Judge orders end to 22-year-old wait for John Lennon’s FBI file
The Reporters Committee for Freedom of the Press
LOS ANGELES (Oct. 14, 2004)—Ten secret FBI documents relating to its investigation of musician John Lennon must be released to the public, a California judge ruled last week, ending a 22-year Freedom of Information Act dispute.
The dispute began in 1982 when Jonathan M. Wiener, a professor at the University of California, Irvine, requested FBI records from its 1972 investigation of John Lennon. The FBI initially released some records, but withheld others, claiming various FOI Act exemptions. Many years of litigation ensued, and in1997 Wiener obtained all but 10 documents.

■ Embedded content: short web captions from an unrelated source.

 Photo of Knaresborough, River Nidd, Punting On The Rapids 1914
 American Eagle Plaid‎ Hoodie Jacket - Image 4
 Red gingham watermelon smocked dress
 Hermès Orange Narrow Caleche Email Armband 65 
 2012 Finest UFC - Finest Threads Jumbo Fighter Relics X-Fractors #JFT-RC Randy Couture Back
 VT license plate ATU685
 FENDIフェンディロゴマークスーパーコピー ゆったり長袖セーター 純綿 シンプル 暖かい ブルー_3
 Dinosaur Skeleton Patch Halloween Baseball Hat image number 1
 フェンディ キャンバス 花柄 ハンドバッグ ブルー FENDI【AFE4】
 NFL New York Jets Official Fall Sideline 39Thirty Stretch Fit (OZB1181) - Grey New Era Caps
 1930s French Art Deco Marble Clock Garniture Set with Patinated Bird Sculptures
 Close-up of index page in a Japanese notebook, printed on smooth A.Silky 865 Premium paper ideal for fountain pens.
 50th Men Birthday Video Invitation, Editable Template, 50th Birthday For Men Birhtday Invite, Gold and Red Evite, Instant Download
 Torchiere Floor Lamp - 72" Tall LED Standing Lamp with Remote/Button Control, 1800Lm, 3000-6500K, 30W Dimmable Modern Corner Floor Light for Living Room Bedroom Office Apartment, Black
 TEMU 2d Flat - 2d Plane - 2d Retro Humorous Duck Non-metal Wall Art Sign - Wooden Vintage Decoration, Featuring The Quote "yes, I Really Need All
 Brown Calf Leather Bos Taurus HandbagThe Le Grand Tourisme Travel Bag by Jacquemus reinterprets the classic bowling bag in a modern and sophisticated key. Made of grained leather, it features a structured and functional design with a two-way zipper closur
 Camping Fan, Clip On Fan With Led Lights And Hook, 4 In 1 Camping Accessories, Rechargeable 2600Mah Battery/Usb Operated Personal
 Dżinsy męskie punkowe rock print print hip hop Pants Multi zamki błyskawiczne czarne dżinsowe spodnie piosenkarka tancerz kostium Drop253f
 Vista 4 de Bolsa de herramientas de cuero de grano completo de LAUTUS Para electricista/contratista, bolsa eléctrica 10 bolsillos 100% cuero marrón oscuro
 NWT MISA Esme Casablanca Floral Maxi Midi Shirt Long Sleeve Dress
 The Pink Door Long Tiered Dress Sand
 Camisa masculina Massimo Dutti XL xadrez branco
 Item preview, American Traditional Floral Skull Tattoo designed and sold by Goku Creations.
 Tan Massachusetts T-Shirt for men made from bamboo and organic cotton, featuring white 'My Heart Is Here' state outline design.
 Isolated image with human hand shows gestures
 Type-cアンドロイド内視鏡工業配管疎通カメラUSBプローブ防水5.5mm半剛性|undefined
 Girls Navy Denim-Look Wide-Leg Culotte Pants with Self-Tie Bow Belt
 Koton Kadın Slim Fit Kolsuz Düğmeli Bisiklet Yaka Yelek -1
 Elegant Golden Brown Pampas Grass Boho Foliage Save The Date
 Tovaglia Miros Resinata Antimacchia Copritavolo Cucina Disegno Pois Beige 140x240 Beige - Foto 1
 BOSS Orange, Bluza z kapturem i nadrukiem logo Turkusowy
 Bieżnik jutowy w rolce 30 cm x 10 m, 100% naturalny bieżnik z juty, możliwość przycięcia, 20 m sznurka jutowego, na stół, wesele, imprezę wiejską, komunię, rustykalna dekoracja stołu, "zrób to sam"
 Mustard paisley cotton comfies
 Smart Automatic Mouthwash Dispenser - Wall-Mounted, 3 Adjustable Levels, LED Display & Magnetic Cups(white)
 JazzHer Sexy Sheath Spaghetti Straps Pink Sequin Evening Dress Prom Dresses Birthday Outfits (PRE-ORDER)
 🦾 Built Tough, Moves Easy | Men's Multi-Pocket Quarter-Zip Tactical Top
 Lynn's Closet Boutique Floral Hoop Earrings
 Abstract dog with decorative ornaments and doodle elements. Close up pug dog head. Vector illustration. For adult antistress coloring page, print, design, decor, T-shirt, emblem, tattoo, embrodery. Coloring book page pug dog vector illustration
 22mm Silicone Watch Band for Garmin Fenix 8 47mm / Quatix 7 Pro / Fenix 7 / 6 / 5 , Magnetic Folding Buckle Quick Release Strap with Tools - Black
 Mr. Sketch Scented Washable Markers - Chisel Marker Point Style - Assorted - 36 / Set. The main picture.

The FBI refused to release the documents, arguing they contained information that the United States confidentially received from a foreign government.
“[C]onfidentiality is the foundation to the continued exchange of information among United States intelligence . . . and their foreign counterparts,” Scott Hodes, the then-acting chief of the FBI Litigation Unit’s Freedom of Information-Privacy Act Section, said in a sworn declaration before the court.
Executive Order 12958, which explains classification procedures, says that foreign government information may be classified if an original classification authority — in this case Hodes — identifies the damage to national security that could reasonably be expected to result from disclosure.
U.S. District Judge Robert M. Takasugi held that Hodes’ declaration did not show enough specific evidence tying the release of the foreign government information to potential national security damage. Abstract discussion of the effects of breached confidentiality on the free flow of information did not meet the requirements of Executive Order 12958, Takasugi ruled.
“[T]he FBI fails to address how disclosure of the specific contents in the foreign government information would result in harm to national security,” he wrote. “[T]he description and identification of harm to national security must be particularized explanations.”
The FBI also argued that the documents should be classified because release would discourage other potential intelligence sources from cooperating with FBI investigations for fear that their identities would eventually be revealed publicly. Judge Takasugi rejected the argument, noting that it was founded on blanket conclusive statements and not specific analysis.
Because Judge Takasugi ultimately gave no credence to any of the FBI’s asserted justifications for classification, he ordered the FBI to turn over all 10 documents, unredacted, to Wiener.